Does this issue require legislative attention in the context of generative AI?
Section 114(b) of the Copyright Act governs the limitations on exclusive rights related to sound recordings. It defines the scope of what is protected under a sound recording’s copyright and what isn’t, essentially delineating the borders between federal copyright law and state laws, including right of publicity laws. State right of publicity laws can protect the commercial use of a person’s name, likeness, or voice, but they often intersect and sometimes clash with federal copyright protections.
In the context of generative AI, which can generate sound recordings that mimic the voice or style of a particular artist or personality, it lives at the intersection between Section 114(b) and state rights of publicity.
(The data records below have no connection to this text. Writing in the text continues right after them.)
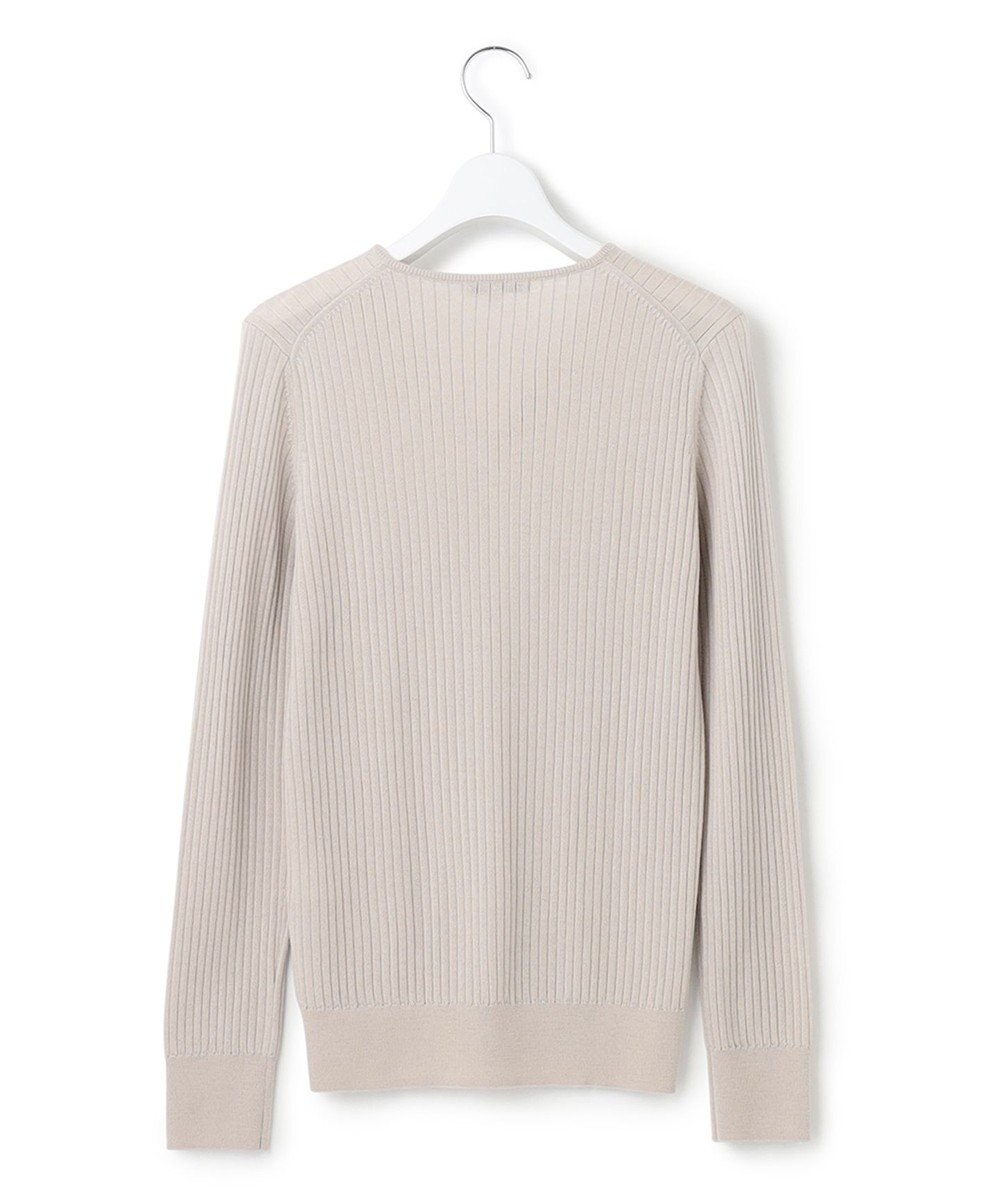 23区 【洗える】ウーステッドウール Vネック ニット 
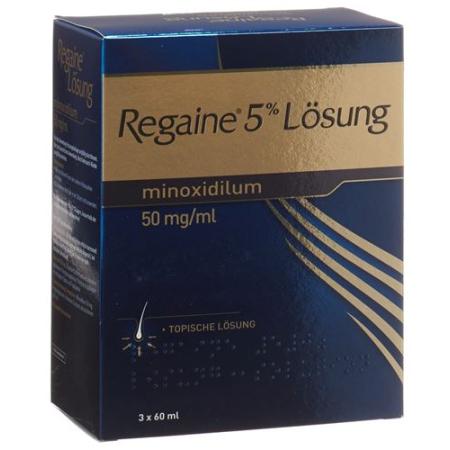 Rogaine Topical Solution 5% 3 Fl 60ml - PrimeCare Global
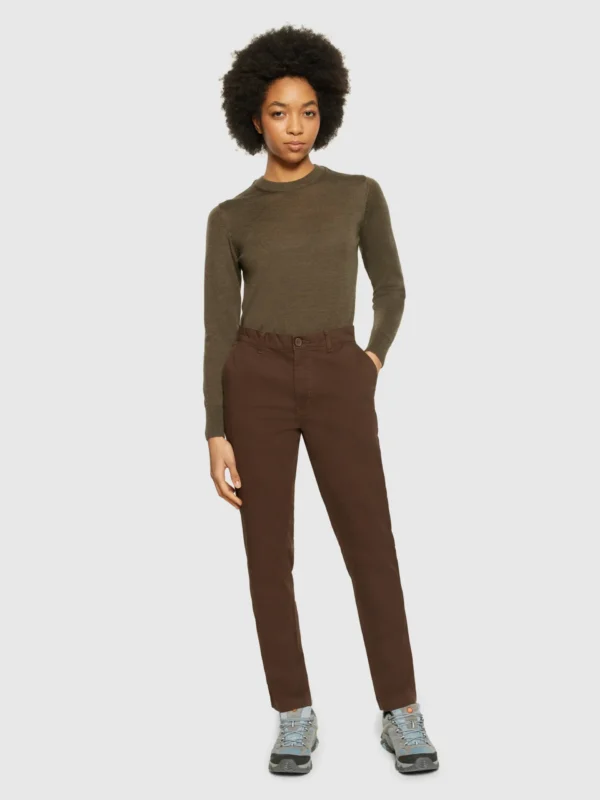 2080061-1100-4 KnowledgeCotton Apparel Striktrøje (Mørk oliven) – Dame | Strik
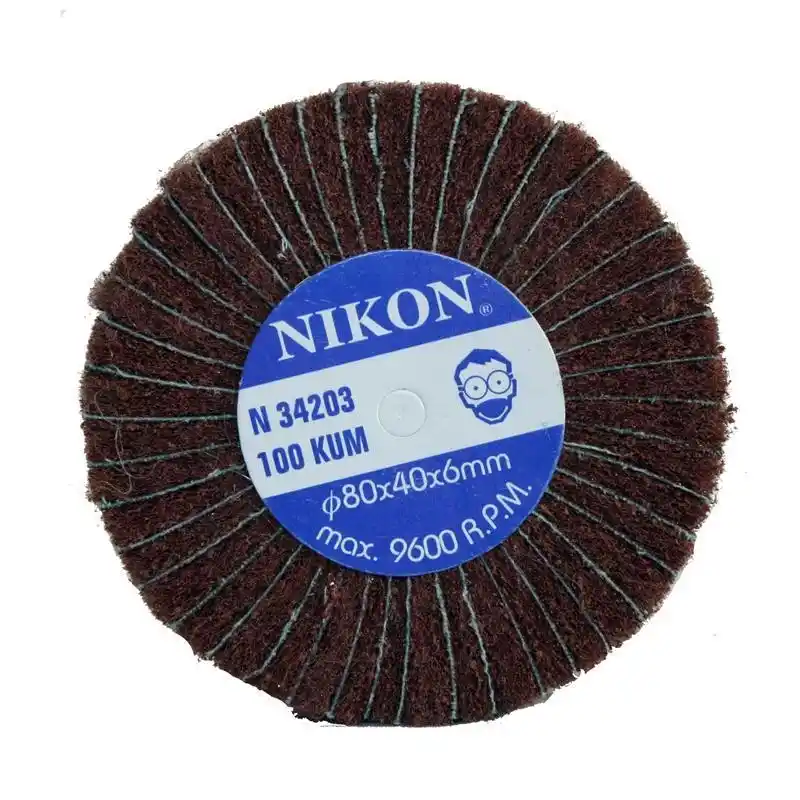 Nikon N34203 80x40x6mm 100 Kum Non Woven Saplı Kombi Mop Zımpara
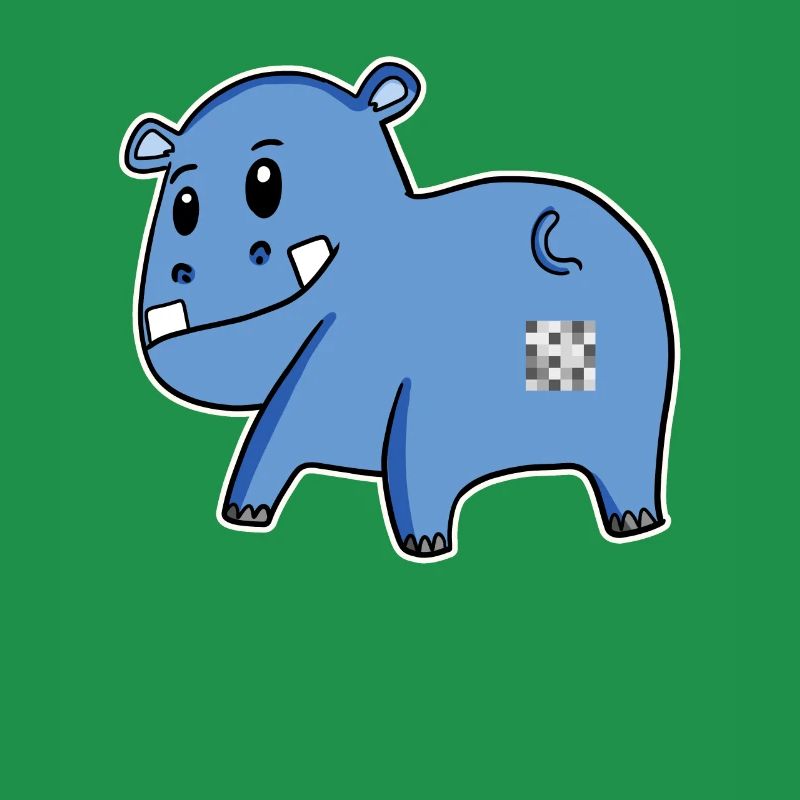 Nilpferd Arsch - Nilpferd Hintern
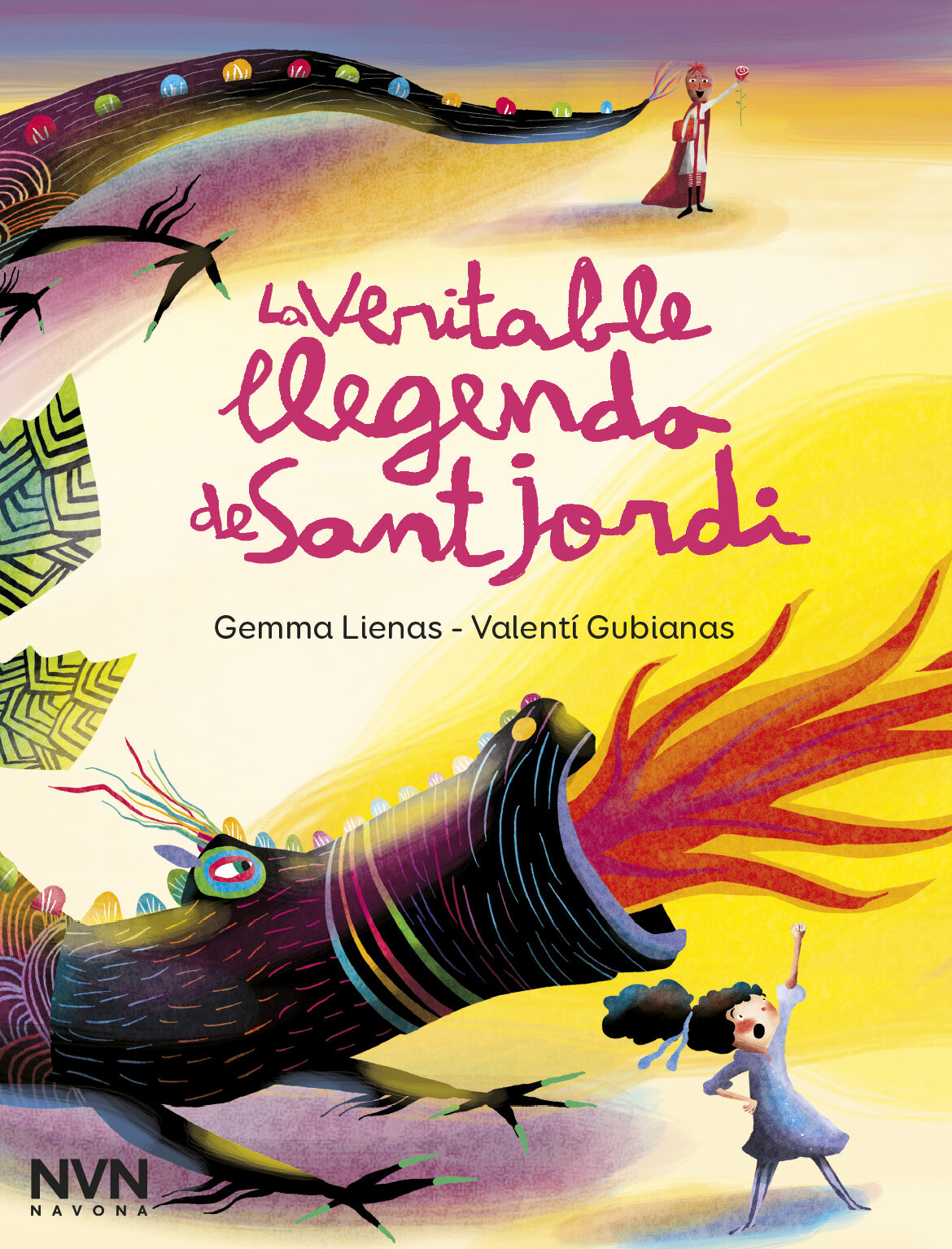 Portada del Libro La Veritable Llegenda De Sant Jordi de Gemma Lienas - 9788417978600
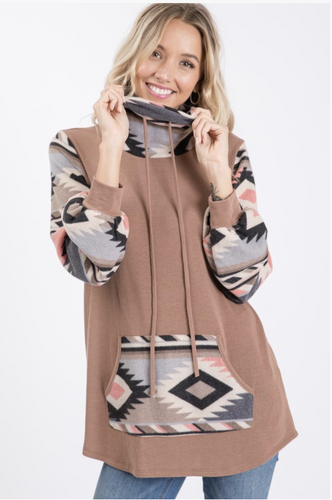 Desert Sands Cowl Neck Sweatshirt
If an AI-generated sound recording mimics the voice of a particular artist, it infringes upon the artist’s rights, following the precedent set by Midler vs Ford Motor Co.
- Please identify any issues not mentioned above that the Copyright Office should consider in conducting this study.
Do your best to strike the balance between providing fair compensation/credit/consent for existing IP holders, along with reiterating our abilities to receive copyright protection immediately upon creating our work. Be sure to clearly discern between the levels of participation between all parties at each level.
If you do this, you should be on the right track and set a precedent that will have positive outcomes for all involved.